Carter pressured to end grain ban

Nearing its seventh month, the US embargo of grain above the 8 million-ton level to the Soviet Union is under broad attack in Congress and in the politically important farm states of the Midwest.

A bipartisan group of 20 senators from John Tower (R) of Texas to George McGovern (D) of South Dakota is supporting a legislative initiative by Robert Dole (R) of Kansas that would force an end to the economic sanction imposed by the President Jan. 4 following the Soviet invasion of Afghanistan.

Similar legislation has been introduced in the House. Soviet troop movements out of Afghanistan and the approaching presidential campaigns could hasten the end of the embargo, some observers say they believe.

"I think it's far to say we've really turned the heat on. Everybody's demanding an end to it," says Parley Jensen, a spokesman for the American Farm Bureau Federation in Park Ridge, Ill. "He [President Carter] knows the pressure is going to be tremendous. And I think he's going to make some effort to win the farm vote."

To date, US secretary of Agriculture Bob Bergland told the House Agriculture Committee June 25 that there has been no change in policy that would bring about an end to, or modification of, the embargo. But a farm interest group and an agricultural affairs specialist on Capitol Hill say there are indications that, under pressure, the President might declare US interests have been satisfied even before a full Soviet withdrawal from Afghanistan.

"Conditions may be evolving to the point that Total Soviet evacuation is not necessarily the condition for removing the embargo," one congressional observer remarked.

"I think there's certainly a real big temptation now" to seize on developments in Afghanistan in ordre to end the embargo, says Farm Bureau official Mel Woell. But he adds it also is likely that the embargo could "dribble off, a little like Iran," in the months ahead.

At any rate, it appears that the full force of the embargo has gradually been weakened over the past six months. Other countries, chief among them Argentina, have supplied the Soviets with some of the grain denied by the US, Australia, Canada, and Western Europe -- the rpime exporters committed to the embargo.

One sign of a change in the wind was a June 18 decision by the USDA telling American grain merchandisers it no longer is necessary to restrain their international affiliates from carrying "uncommitted," third-country grain to the Soviet Union. Most uncommitted grain now has dried up, the USDA says, and international traders soon will be completing to carry the portion of the new grain crop that is not embargoed.

Allan Holbert, a spokesman for Cargill Inc., of Minneapolis, one of the nation's largest grain traders, says the USDA decision probably came about because of the realization that the Russians were not being denied access to non-US markets and because only three or four of the dozen international grain carriers were barred from the trade.

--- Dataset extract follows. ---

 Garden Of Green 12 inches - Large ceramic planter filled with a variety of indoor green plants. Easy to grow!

Farm Bureau president Robert Delano declared two days after the USDA action that it represents a "crack in the embargo dam." The decision "legitimized what we suspected for some time," he said, and "indicates the embargo is not working and should be dropped."

But Undersecretary of Agriculture Dale E. Hathaway says the action was a technical matter and had no effect on official export policies of the US or its allies. He admitted that companies outside the US were able to ship the Soviets non-US grain but said the Soviets still have fallen 11 million tons short of their desired import level between October 1979 and September 1980.

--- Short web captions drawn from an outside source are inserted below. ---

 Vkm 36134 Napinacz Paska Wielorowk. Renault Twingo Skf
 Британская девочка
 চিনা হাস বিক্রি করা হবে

Mr. Bergland said the embargo has reduced Soviet grain, milk, and meat supplies and caused a sharp rise in poultry prices. It also has forced the Russians to draw on domestic grain reserves and has disrupted planning and distribution.

"The Russians have felt the sting," he told skeptical congressmen. "They're scrounging all over the Soviet Union for enough meat to send to Moscow for the Olympic Games. I recommend we keep the heat on."